Reputation: 462
I'm trying to sort two large four dimensional arrays in numpy.
I want to sort based on the values axis 2 of the first array, and sort the second array by the same indices. All other axes should remain in the same order for both arrays.
The following code does what I want, but relies on looping in python, so it's slow. The arrays are quite large, so I'd really like to get this working using compiled numpy operations for performance reasons. Or some other means of getting this block of code to be compiled (Cython?).
import numpy as np
data = np.random.rand(10,6,4,1)
data2 = np.random.rand(10,6,4,3)
print data[0,0,:,:]
print data2[0,0,:,:]
for n in range(data.shape[0]):
for m in range(data.shape[1]):
sort_ids = np.argsort(data[n,m,:,0])
data[n,m,:,:] = data[n,m,sort_ids,:]
data2[n,m,:,:] = data2[n,m,sort_ids,:]
print data[0,0,:,:]
print data2[0,0,:,:]
Upvotes: 1
Views: 202
Reputation: 462
Found a way to make this work. It requires storing an index array, which may cause some memory issues for me, but it's way faster.
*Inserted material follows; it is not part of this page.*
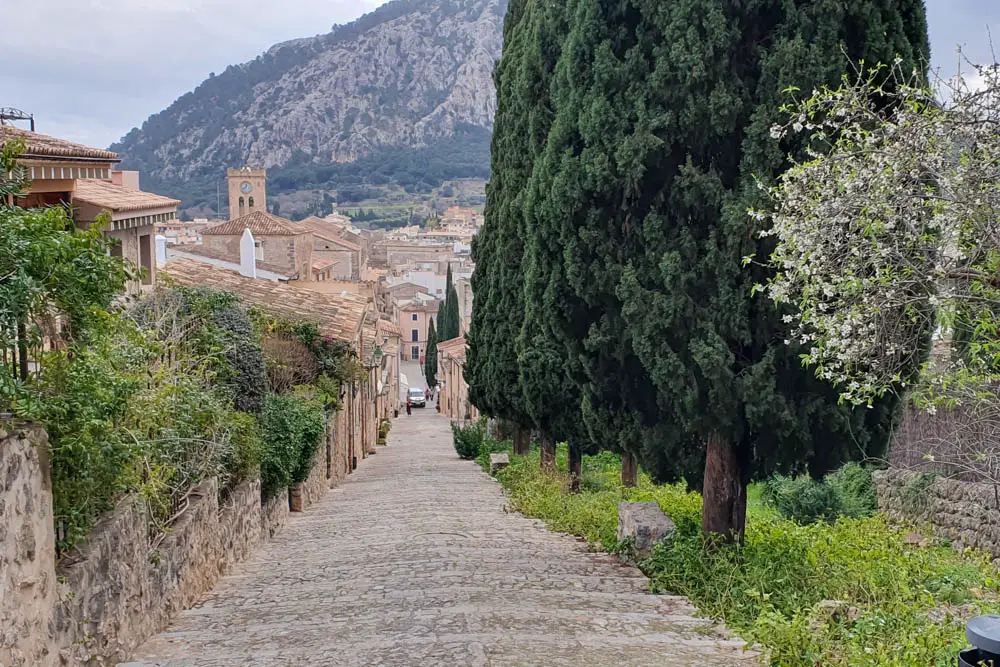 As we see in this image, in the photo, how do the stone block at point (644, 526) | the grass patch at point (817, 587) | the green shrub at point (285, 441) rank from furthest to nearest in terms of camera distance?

Example code with timing comparison:
import numpy as np
import time
loops = 1000
data = np.random.rand(100,6,4,1)
data2 = np.random.rand(100,6,4,3)
start = time.time()
for n in range(loops):
idxs = np.indices(data.shape)
idxs2 = np.indices(data2.shape)
sort_ids = np.argsort(data, 2)
sorted_data = data[idxs[0], idxs[1], sort_ids, idxs[3]]
sorted_data2 = data2[idxs2[0], idxs2[1], np.repeat(sort_ids, data2.shape[3], 3), idxs2[3]]
print 'Time Elapsed: %5.2f seconds' % (time.time() - start)
start = time.time()
for n in range(loops):
sorted_data = np.zeros(data.shape)
sorted_data2 = np.zeros(data2.shape)
for n in range(data.shape[0]):
for m in range(data.shape[1]):
sort_ids = np.argsort(data[n,m,:,0])
data[n,m,:,:] = data[n,m,sort_ids,:]
data2[n,m,:,:] = data2[n,m,sort_ids,:]
print 'Time Elapsed: %5.2f seconds' % (time.time() - start)
Upvotes: 0
Reputation: 3363
Maybe there is a better solution but this should work:
sort_ids = np.argsort(data,axis=2)
s1 = data.shape
s2 = data2.shape
d1 = data[np.arange(s1[0])[:,None,None,None],np.arange(s1[1])[None,:,None,None],sort_ids,np.arange(s1[3])[None,None,None,:]]
d2 = data2[np.arange(s2[0])[:,None,None,None],np.arange(s2[1])[None,:,None,None],sort_ids,np.arange(s2[3])[None,None,None,:]]
At least the output is identical to your code.
Upvotes: 1